USD/IDR Technical Analysis: The fourth drop to 61.8% Fibonacci, 200-week SMA on sight
- USD/IDR extends losses for the fifth week in a raw.
- 61.8% Fibonacci retracement of the 2017/18 rise has been activating the pair’s U-turn during the year.
- A seven-month-old falling trend line restricts short-term upside.
USD/IDR declines to the lowest since early-September, currently around 13,930, while heading into the European open on Monday. The pair tests 61.8% Fibonacci retracement of its 2017/18 rise. This support has triggered three bounces during the year, a failure to follow the suit can fetch the quote to 200-week Simple Moving Average (SMA).

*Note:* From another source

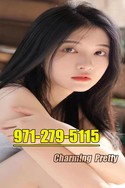 Reviews about escort with phone number 9712795115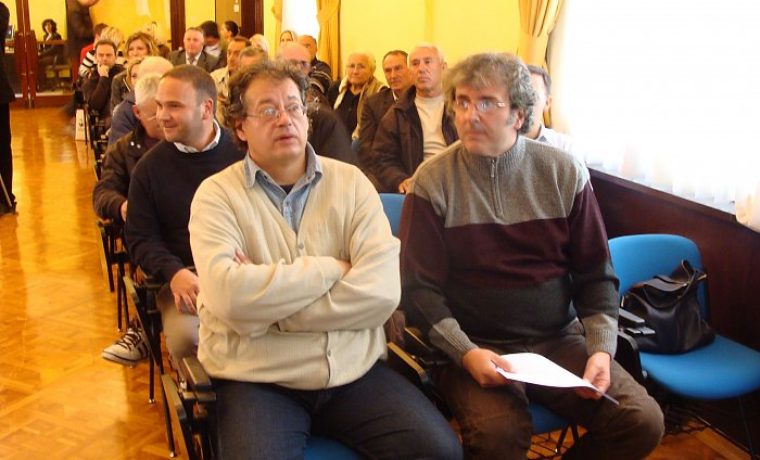 maslinari_1288255637.jpg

Hence, sellers will look for a weekly closing below 13,936, comprising the key Fibonacci retracement level, to target a 200-week SMA level of 13,766.
However, lows marked in February and July, near 13,895, can offer an intermediate halt to the south-run.
If prices keep trading down after 200-week SMA, 78.6% Fibonacci retracement level of 13,575 could lure the bears.
On the upside, a clear crossing of the multi-week-old falling trend line, close to 14,045/50, can trigger a fresh rise towards a 50% Fibonacci retracement level of 14,189.